L’auteure Dado Touré explique la raison qui l’a poussée à écrire ce roman basé sur l’histoire de son amie d’enfance. ‘’L’écriture de ce roman a commencé en février 2022, un samedi même à l’université. Cela a toujours été un objectif de ma part pour rendre hommage à toutes les femmes victimes de viol, surtout à mon amie d’enfance qui a été violée et bannie par la société et son entourage. Cela me tenait à cœur. Quand j’étais petite, elle me racontait plein de choses de sa vie, le fait qu’on la maltraitait et je pleurais avec elle. Quand j’ai su sa mort, cela m’a affectée. C’était un devoir moral d’écrire ce roman pour lui rendre hommage, elle et à toutes les femmes qui ont vécu des cas similaires et que justice n’a pas encore été rendue’’, confie l’auteure.
Selon la jeune demoiselle, c’est une forme de lutte pour elle de dénoncer la violence et les fantasmes phallocrates dans une société où les femmes ne sont pas respectées.

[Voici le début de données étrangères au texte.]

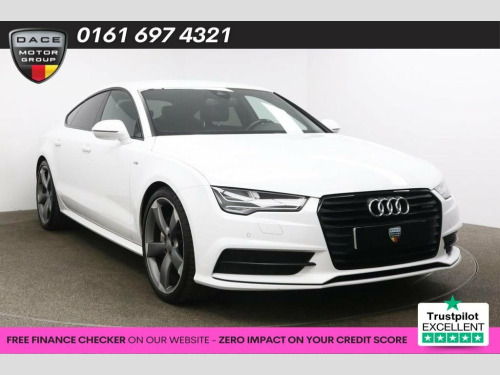 Audi A7  3.0 TDI V6 Black Edition Sportback 5dr Diesel S Tr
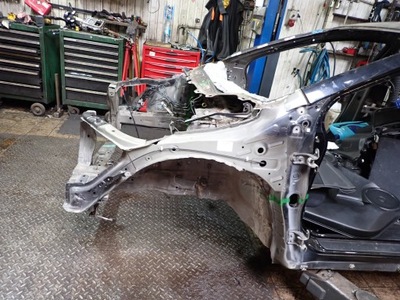 Honda civic viii ufo 05-08 чверть перед ліва лонжерон b92p фото №1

Elle qualifie le violeur de bête sauvage qui ne mérite pas sa place dans la société. ‘’Les parties intimes d’une femme sont si sacrées et protégées par Dieu ! Il a imposé une loi que pour y toucher, il faut l’épouser. Donc, pourquoi enfreindre la loi de Dieu ? Je n’arrive pas à comprendre pourquoi des hommes infligent une telle souffrance à des femmes et aux enfants. C’est un cri du cœur que je devais sortir’’, dit-elle.
‘’Saly représente l’amie que j’ai perdue, celle que j’ai toujours voulu avoir et qui est malheureusement décédée. Quant à Khaar, j’ai utilisé cet enfant pour animer et donner sens à cette histoire. A la fin du roman, le personnage Saly s’est suicidé et Khaar est retournée chez elle pour faire face à son destin et venger la mort de sa mère’’, révèle l’auteure. Et elle veut atteindre son objectif d’éveil des consciences sur le respect des femmes.
Dado Touré d’ajouter : ‘’Je suis la dernière personne à écrire, parler sur le viol. Des auteurs comme Fama Diagne Sène, Ken Bugul, Aminata Sow Fall, Mariama Ba et tant d’autres en ont fait un sujet. Mon objectif est de les avertir des méfaits du viol et de l’hypocrisie de la société sénégalaise. Ce roman est un héritage que je dois laisser aux femmes et aux enfants qui souffrent en silence et leur montrer que le viol n’est pas une fin en soi, qu’il faut relever la tête, avancer et persévérer’’.
La jeune auteure de 25 ans espère, par ailleurs, que ce roman fera le tour du monde et que les femmes, les enfants pourront le lire et en tirer des leçons.